Apparently the X5D has been having all kinds of issues regarding the DEF freezing etc. Have you all seen this [email protected]:thumbup:


----------



## jkp1187 (Jul 2, 2008)

Penguin said:


> Well, your can try it and find out, but... I would be extremely surprised if the EPA would approve a system which could be defeated by simply using water instead of DEF, considering the fact that they required BMW to design the system to make the engine inoperative when the DEF fluid runs out. Being able to defeat that mandatory "feature" by simply filling the DEF tank with water would almost surely be an eventuality that the EPA would have considered and required an answer to. I suspect there is a sensor in the system that can tell the difference between DEF and plain water.
> 
> As the system uses "A nitric oxide sensor downstream of the SCR catalyst provides feedback on the concentration of NOX in the exhaust emissions," if nothing else use of water would probably ensure a SES light.
> 
> ...


Got it. Well, thank you very much for providing some useful information, Penguin! This thread sure generated a lot more chaff than was really necessary, though I suppose everyone loves the smell of their own flatulence at the end of the day....


----------



## jkp1187 (Jul 2, 2008)

tlak77 said:


> why not put gasoline into diesel tank


Because that may cause damage to your engine. The urea tank is not part of the *engine* to the best of my knowledge. Presumably, if you could find a way disable the sensors, there would be no mechanical problem with running the engine without the urea tank.

I suggest you check out howstuffworks.com -- there is a lot of good information explaining how engines work there.

I must confess, the fact that this tank seems to be so difficult to defeat -- and indeed that it has the ability to prevent the engine from starting if the sensors doesn't detect not just the right amount of fluid, but the fluid composition -- makes it less likely that I'll be interested in a BMW diesel at this time.

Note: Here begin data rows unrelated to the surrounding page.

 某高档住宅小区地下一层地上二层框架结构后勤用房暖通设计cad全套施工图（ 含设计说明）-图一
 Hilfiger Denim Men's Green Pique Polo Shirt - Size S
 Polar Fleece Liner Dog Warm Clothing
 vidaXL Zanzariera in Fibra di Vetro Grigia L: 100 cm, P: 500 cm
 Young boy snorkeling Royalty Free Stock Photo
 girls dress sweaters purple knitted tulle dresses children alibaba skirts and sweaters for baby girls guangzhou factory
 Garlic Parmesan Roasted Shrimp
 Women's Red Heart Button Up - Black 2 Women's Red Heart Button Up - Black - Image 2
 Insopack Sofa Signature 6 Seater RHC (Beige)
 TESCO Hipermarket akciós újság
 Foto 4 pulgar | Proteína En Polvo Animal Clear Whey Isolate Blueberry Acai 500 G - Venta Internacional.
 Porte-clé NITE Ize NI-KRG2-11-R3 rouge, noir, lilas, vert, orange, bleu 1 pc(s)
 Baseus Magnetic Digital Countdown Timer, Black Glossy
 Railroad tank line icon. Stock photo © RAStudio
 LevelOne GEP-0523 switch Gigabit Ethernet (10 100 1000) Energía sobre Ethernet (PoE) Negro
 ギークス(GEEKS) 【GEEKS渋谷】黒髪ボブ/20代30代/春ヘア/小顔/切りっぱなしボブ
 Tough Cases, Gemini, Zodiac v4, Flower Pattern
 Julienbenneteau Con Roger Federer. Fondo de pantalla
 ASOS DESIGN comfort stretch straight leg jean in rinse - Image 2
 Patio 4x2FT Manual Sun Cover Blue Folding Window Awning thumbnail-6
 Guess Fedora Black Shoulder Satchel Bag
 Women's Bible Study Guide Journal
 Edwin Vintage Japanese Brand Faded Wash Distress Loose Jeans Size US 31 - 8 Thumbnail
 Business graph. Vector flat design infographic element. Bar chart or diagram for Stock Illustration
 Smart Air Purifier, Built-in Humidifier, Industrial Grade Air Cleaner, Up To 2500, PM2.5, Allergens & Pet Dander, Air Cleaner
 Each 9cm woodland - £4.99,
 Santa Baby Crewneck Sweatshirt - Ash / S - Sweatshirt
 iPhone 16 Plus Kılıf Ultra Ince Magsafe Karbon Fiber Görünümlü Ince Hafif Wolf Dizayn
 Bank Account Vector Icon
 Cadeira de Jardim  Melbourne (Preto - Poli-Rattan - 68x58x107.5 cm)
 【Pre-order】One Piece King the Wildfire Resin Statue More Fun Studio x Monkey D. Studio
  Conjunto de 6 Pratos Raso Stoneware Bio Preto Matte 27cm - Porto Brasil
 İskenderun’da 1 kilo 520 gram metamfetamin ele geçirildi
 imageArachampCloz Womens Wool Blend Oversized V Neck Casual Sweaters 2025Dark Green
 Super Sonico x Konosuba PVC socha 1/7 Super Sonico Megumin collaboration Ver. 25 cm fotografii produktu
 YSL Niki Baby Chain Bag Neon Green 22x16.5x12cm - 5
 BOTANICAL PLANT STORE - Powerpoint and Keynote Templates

Just one more thing to break.


----------



## d geek (Nov 26, 2008)

jkp1187 said:


> ...I must confess, the fact that this tank seems to be so difficult to defeat -- and indeed that it has the ability to prevent the engine from starting if the sensors doesn't detect not just the right amount of fluid, but the fluid composition -- *makes it less likely that I'll be interested in a BMW diesel at this time.* Just one more thing to break.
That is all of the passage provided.